LIMMY | COMEDY REVIEW
Glee Club, Cardiff Bay, Mon 12 June
Limmy’s career up to this point, a sold-out UK tour of standup comedy venues, is notable for how little mind it’s paid to the traditional standup route. In fact, he’s not really a standup comedian at all: this show comes in two parts, a reading from his book of short stories That’s Your Lot and a Q&A session with the Glee Club audience. Except when he goes off-piste into a routine – I’m calling it that; it may have been improvised – about his more lurid material, here and on social media, coming back to embarrass his young son in the school playground. It’s physical, vulgar and great, and demonstrates his natural, unlearned talent in the medium.
Before this, Limmy (for the uninitiated: Brian Limond, a Glaswegian in his early 40s who first got popular on the Scottish internet a decade or so back with a series of self-hosted, self-recorded sketches, before word spread and the BBC commissioned three series) sits down in a large, private members’ club type chair and makes himself and us at home. Ostensibly here to plug That’s Your Lot, he voices concern that casual fans might just want to hear him run through his most popular characters’ catchphrases, so we begin with 10 minutes of requests to that end. It’s rescued from pointlessness by his interactions with the crowd, but the book-reading is when matters begin in earnest.
The three stories Limmy reads here have something of the shaggy dog about them, their endings wilfully inconclusive and dampened: these are not tales of redemption or moral lessons, any more than you’d expect if you’ve seen Limmy’s Show on TV. You could reasonably say that Taxi Patter, set in a London cab with a leering driver, is a satire of everyday sexism, male social codes and heteronormativity, if you were that way inclined, but that’s not why it’s funny per se.

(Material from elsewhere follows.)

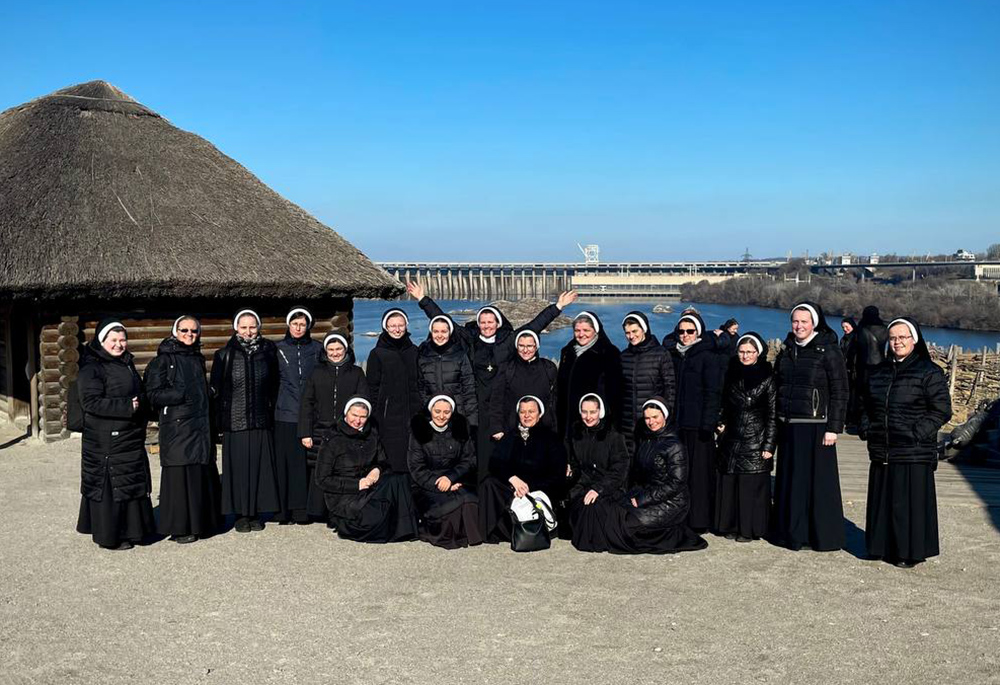 Basilian sisters on the monastic pilgrimage are pictured on the island of Khortytsia, with the Dnipro or Dnieper River behind them. The pilgrimage finished just before Russia invaded Ukraine. (Courtesy of Yeremiya Steblyna)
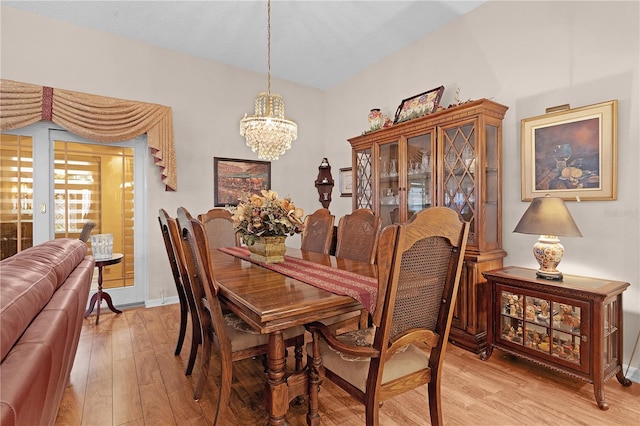 dining room featuring light hardwood / wood-style floors and an inviting chandelier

Pavement has something of the Roald Dahl about its cartoonish horror, but the only takeaway is that one shouldn’t tamper with wet concrete.
Following a “pish break”, the second half of the show is dedicated to fielding questions from the audience. This is a healthy if haphazard mixture of the generic (“who’s the most famous person you’ve ever met?” – Matt Lucas, apparently, who is also deemed more famous than Alex Salmond), the earnest fanboying/girling (a section about his rejected sitcom pitches, which he has talked about in interviews a few times), the references to his material (being on a ‘permo’, or permanent acid trip – a former pal of Limmy’s apparently suffers from this while working in the upper echelons of trade unionism) and cosy topics of his like porn and computer games (neither are tackled as laddishly as you might fear, although extensive discussion of something called Overwatch has made me no less likely to play it).
Clearly on some level a showcase for his quick wit and improvisational abilities, Limmy manages to extract a laugh from pretty much every question, even the uninspiring ones. As close to an organic sensation as you can get in British comedy at the moment, despite – perhaps because of – having little interest in its conventions.